*** Opening Dataset content ***

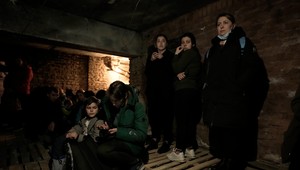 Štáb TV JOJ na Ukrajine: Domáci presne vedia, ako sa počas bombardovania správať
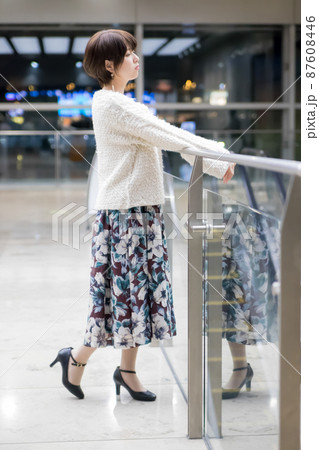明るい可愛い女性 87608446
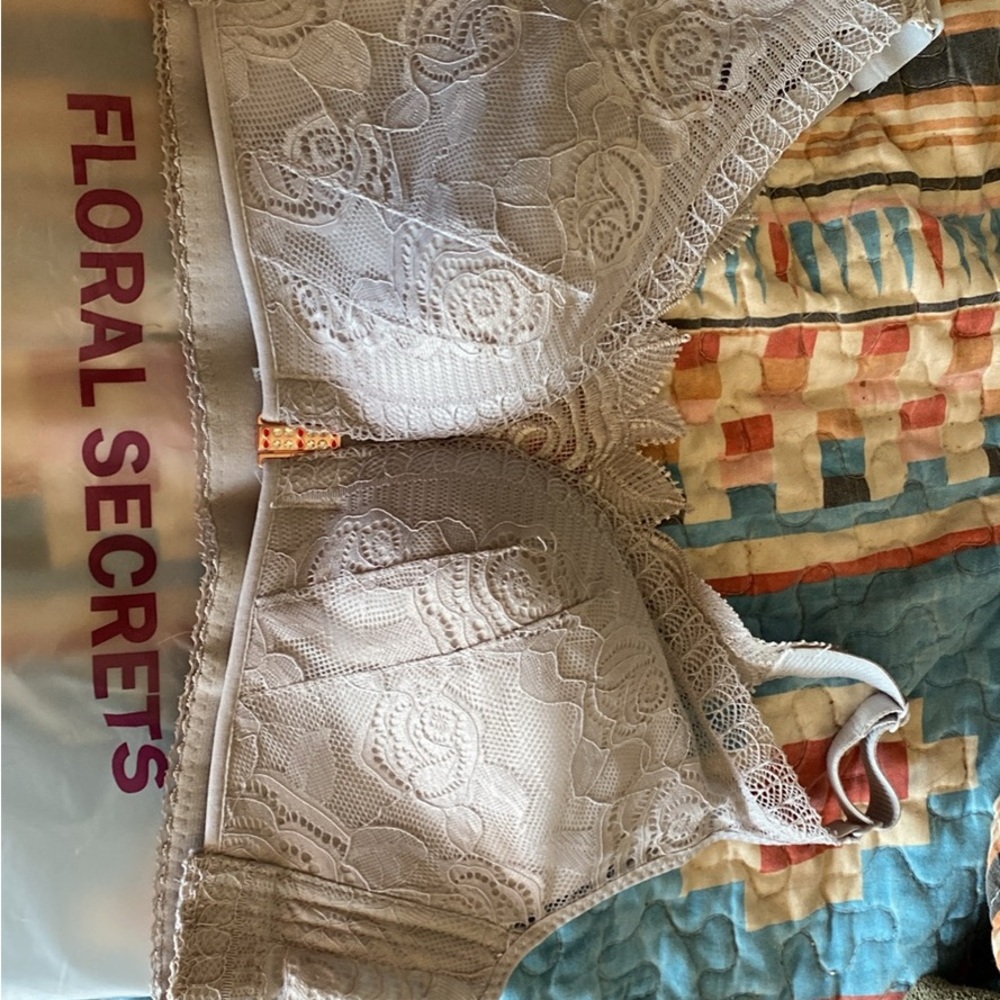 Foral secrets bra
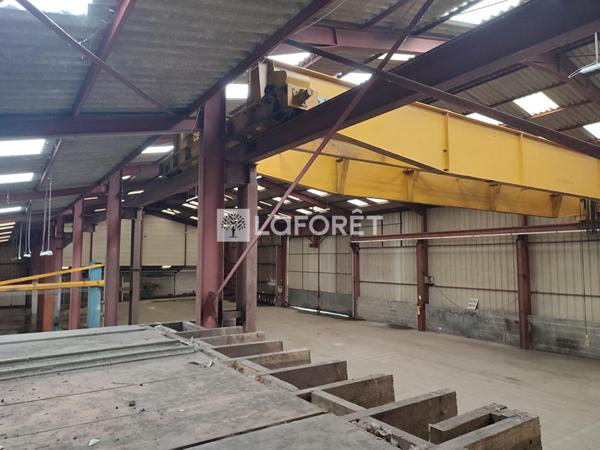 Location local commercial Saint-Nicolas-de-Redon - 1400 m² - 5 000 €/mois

*** Closing Dataset content ***

[Your instructions]
Your task is to set down each line above verbatim while excluding the pictures.

[Reply to the exercise]
 Štáb TV JOJ na Ukrajine: Domáci presne vedia, ako sa počas bombardovania správať
明るい可愛い女性 87608446
 Foral secrets bra
 Location local commercial Saint-Nicolas-de-Redon - 1400 m² - 5 000 €/mois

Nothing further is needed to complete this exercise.